Here we see the Death Star in the final stages of construction, as the Empire sets its sites on Alderaan.
Okay, just kidding. Funny joke. This is actually Saturn’s moon Tethys, seen from the Cassini spacecraft on November 10, 2016, from a distance of 367,000 kilometers (228,000 miles).
Tethys is about 1,062 kilometers (660 miles) across, with its surface mostly strewn with small impact craters, as the moon has no active geological processes to reshape its appearance. But one large crater dominates this image, called Odysseus.

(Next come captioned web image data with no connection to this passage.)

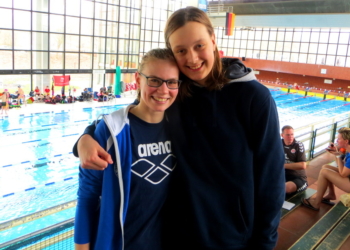 Schnelle Kreisschwimmerinnen können zu den Deutschen Meisterschaften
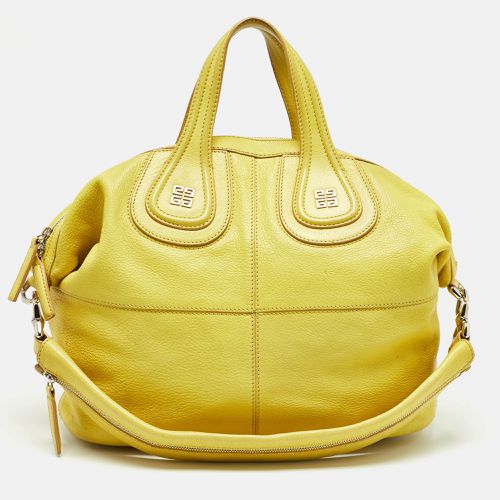 Givenchy Yellow Leather Medium Nightingale Bag - Givenchy - Modalova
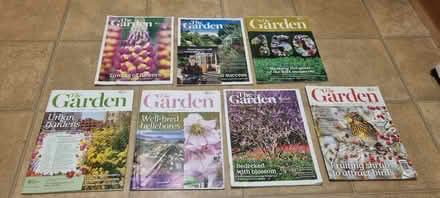 Photo of free Garden magazines (Hailsham BN27) #1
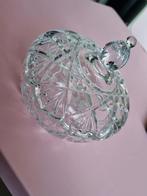 Glazen Snoeppot / Schaal, Schaal, Rond, Ophalen of Verzenden, Glas
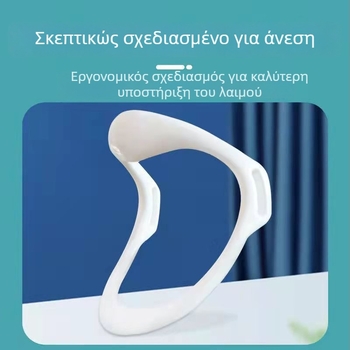 Tuqian Νάρθηκας Λαιμού – Φορητός Σταθεροποιητής Αυχενικών Σπονδύλων, Πλαστικός, Υποστήριξη Αυχένας, Διόρθωση Κλίσης προς τα Εμπρός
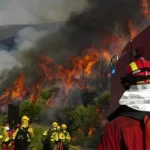 Incendios en Espana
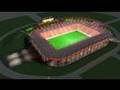 Nowy stadion Zagłębie Lubin Mistrz Polski 2006/2007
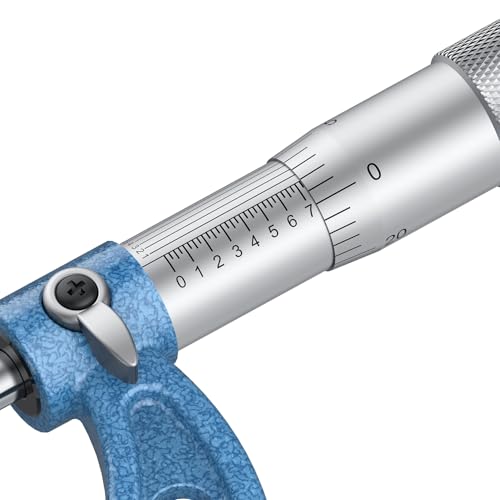 HDLNKAK Outside Micrometer 3-4", 0.0001" Graduation Micrometer Set - color: 1 piece set 3-4”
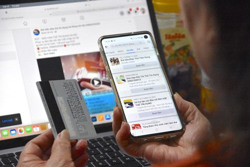 Lừa đảo trực tuyến lại tiếp diễn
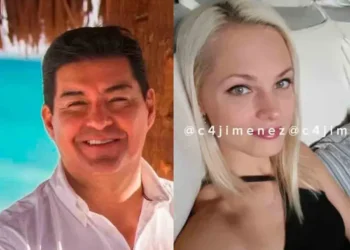 Buscan a modelo rusa y abogado mexicano, por muerte de su hijo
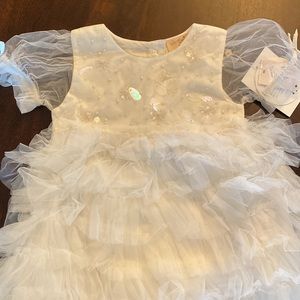 Brand New Tutu de Monde 12-18 Month dress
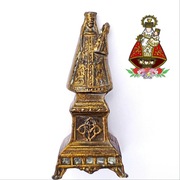 Matka Boska Boża z Mariazell Maryja rzeźba święta figura figurka brąz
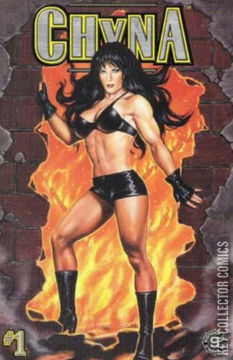 Variant Cover for Chyna #1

It measures a huge 445 kilometers (277 miles) across, about two-fifths of the moon’s diameter, making it one of the biggest impact craters in the Solar System. Named for the Greek hero of the same name, it also has a large peak at its center where impact material fell back to the ground.
And it bears a striking resemblance to another famous “Death Star moon” around Saturn, Mimas, which has a similarly large impact crater. The crater on Mimas is actually just a third the size of the one on Tethys, measuring just 139 kilometers (86 miles) across, but its more pronounced features give it a bit more of a Death Star-like look.
Enjoy these images while they last, though, because in September of this year Cassini’s mission will come to an end. This will make NASA’s Juno spacecraft around Jupiter the only operational spacecraft orbiting a planet in the outer Solar System.